I've used OPA991, but now I need a dual OPA2991IDR (SOIC). They are out of stock and no inventory anywhere. Well, have to find an alternative then.
One approach which can be useful for a beginner when trying to identify what the "jellybean" parts are, is to look at what the smaller distributors offer.
For example, look at
https://www.taydaelectronics.com/ or
https://www.futurlec.com/Components.shtmlWhen starting out, it is easy to be overwhelmed by the near infinite choices available at digikey or mouser. Looking at a smaller selection to start with, and then reading some of those datasheets is a great way to start getting your feet wet and building a base of understanding.
When designing a circuit, I'll sometimes see if its possible to build the entire circuit using only parts from tayda, for example.
(Also, these days, the resistors from tayda are pretty nice. The leads are thick enough to be breadboard-friendly and feel like copper when they bend.

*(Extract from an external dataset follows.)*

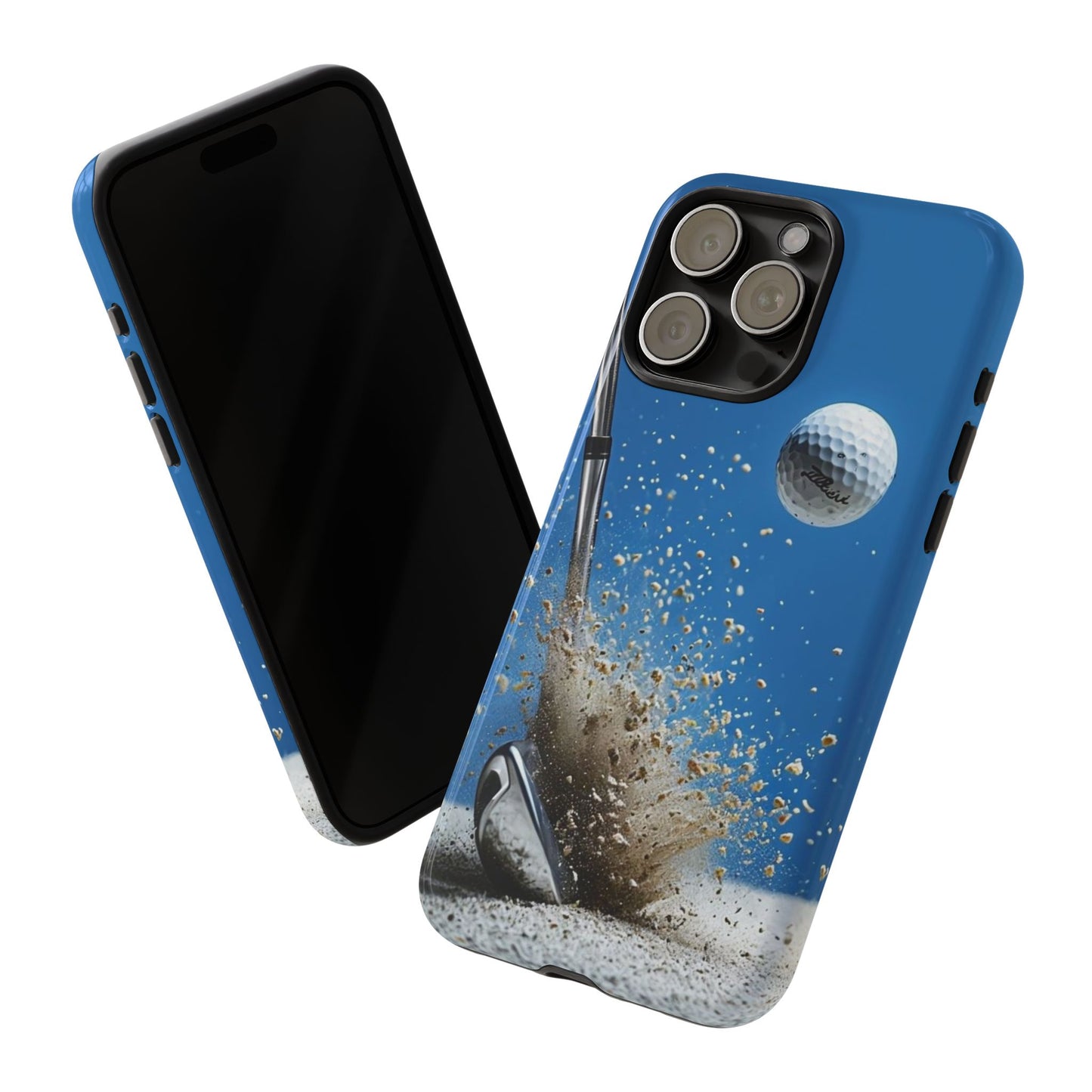 "Sand and Sky" Mobile Phone Case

If you go with the cheapest ebay resistor assortment, you'll end up with suuuuper thin leads which are probably steel, and are annoying to deal with).
Side note: I also used to recommend stocking up on 2N3904 / 2N3906, but I've since realized that PN2222A / PN2907A are basically drop in replacements which handle more current.
Also, one thing which I have been bitten by multiple times is trying to buy cheap breadboards. I don't know what the deal is, but cheap breadboards are notorious for having a ridiculously high insertion force. As in, you literally can't insert a resistor because the leads simply bend in half when you try to push it in. I can only conclude that the manufacturers aren't actually testing their product.
At 9 bucks a pop, the BB830 isn't cheap, but it is the only breadboard I will buy from now on.
Another way to approach the task of "what should I stock up on so that I can prototype with parts on-hand?" is to look at the range of what's needed, and see if you can pick just a few parts which reasonably span that range.
One example is wiring ("which gauges of wire should I buy?"). If you look at an engineering table of gauge vs resistance per foot, you'll notice a nice little symmetry of 22AWG, 16AWG and 10AWG are each four times more conductive than the last. Just getting these three sizes of wire will cover your light / medium / heavy duty current requirements well. Even the resistance is easy to remember, 16mOhm, 4mOhm, and 1mOhm per foot.
For the 22AWG, just order some solid/single-strand CAT5 cable and you'll have a large supply of nice, breadboard friendly twisted pairs. Having the pairs twisted also does a great job of minimizing EMI pickup for sensitive measurements.
You can take a similar approach for BJT's, MOSFETs, resistor values (e12 or maybe even just e6), capacitor values (e3 is probably fine! 10, 22, 47), etc.
And if you can't afford those fancy component drawers for resistors, etc, you can get by with a plastic storage box and some large and small plastics bags.
Use a large plastic bag for each decade, with a small plastic bag inside for each value. This turned out to be quicker / easier to use than I would have initially thought.
Note: don't store MOSFETs in plastic (unless it is anti-static coated).